→ Exercise details: Given the records below, the lines starting at the line with "Λειψία – Ατλέτικο Μαδρίτης 2-1" and ending at the line with "Fotoliu leagan BUBBLE, argintiu / gri" should be output exactly, both end lines kept and pictures left out.

→ Data supplied:

————————

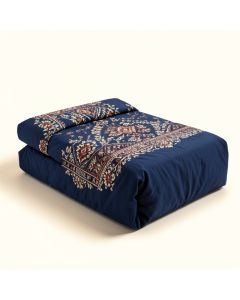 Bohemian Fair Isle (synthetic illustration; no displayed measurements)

————————

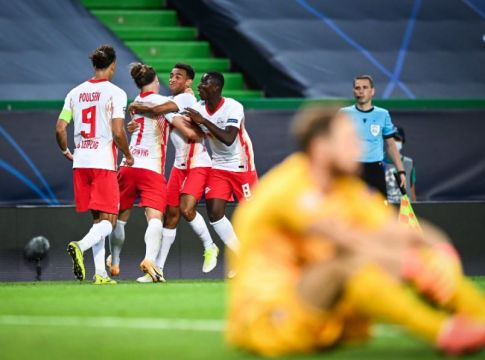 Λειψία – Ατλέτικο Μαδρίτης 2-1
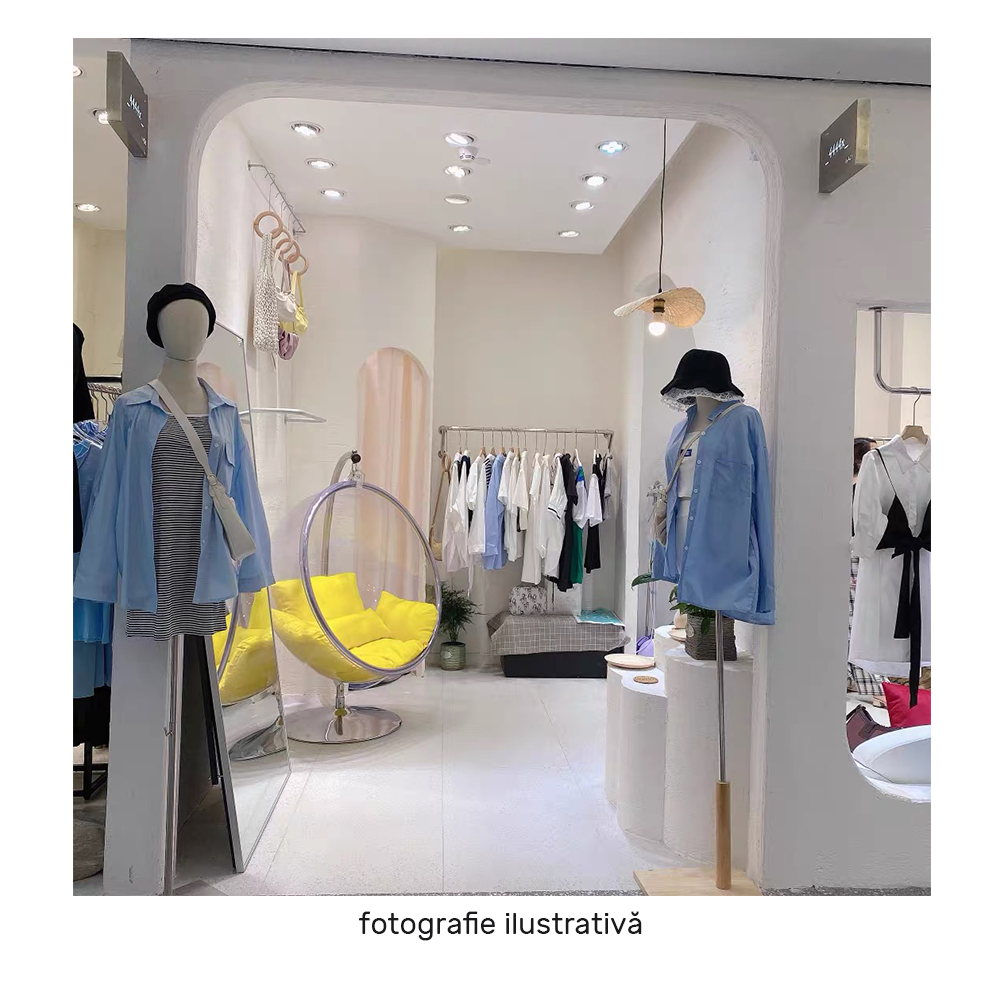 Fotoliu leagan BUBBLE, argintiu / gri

————————

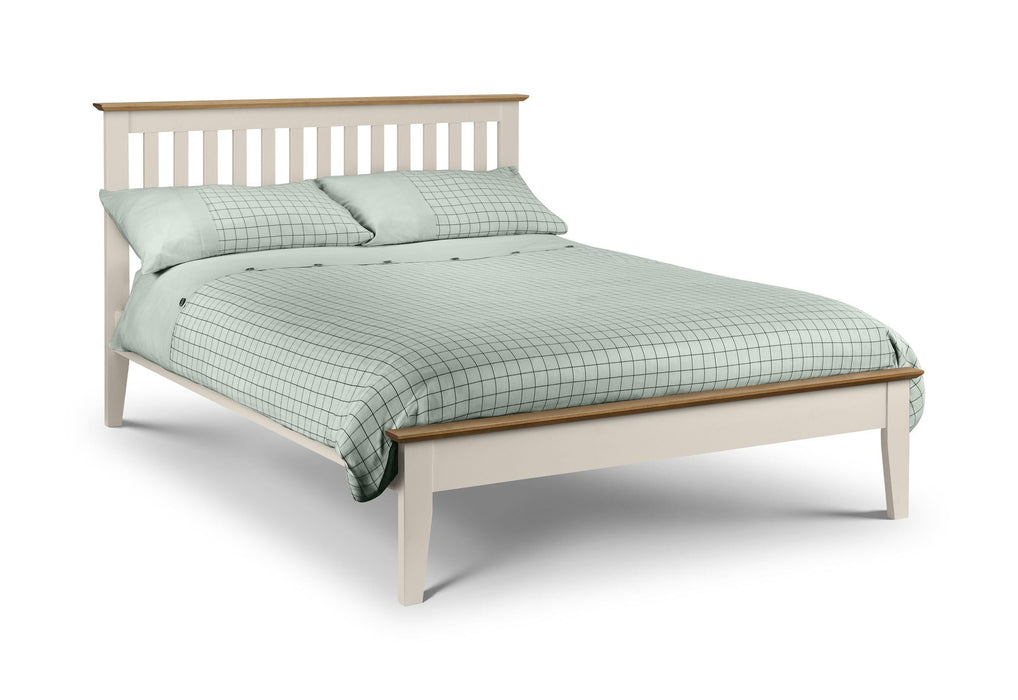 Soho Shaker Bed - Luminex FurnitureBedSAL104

————————

→ Task response:
 Λειψία – Ατλέτικο Μαδρίτης 2-1
 Fotoliu leagan BUBBLE, argintiu / gri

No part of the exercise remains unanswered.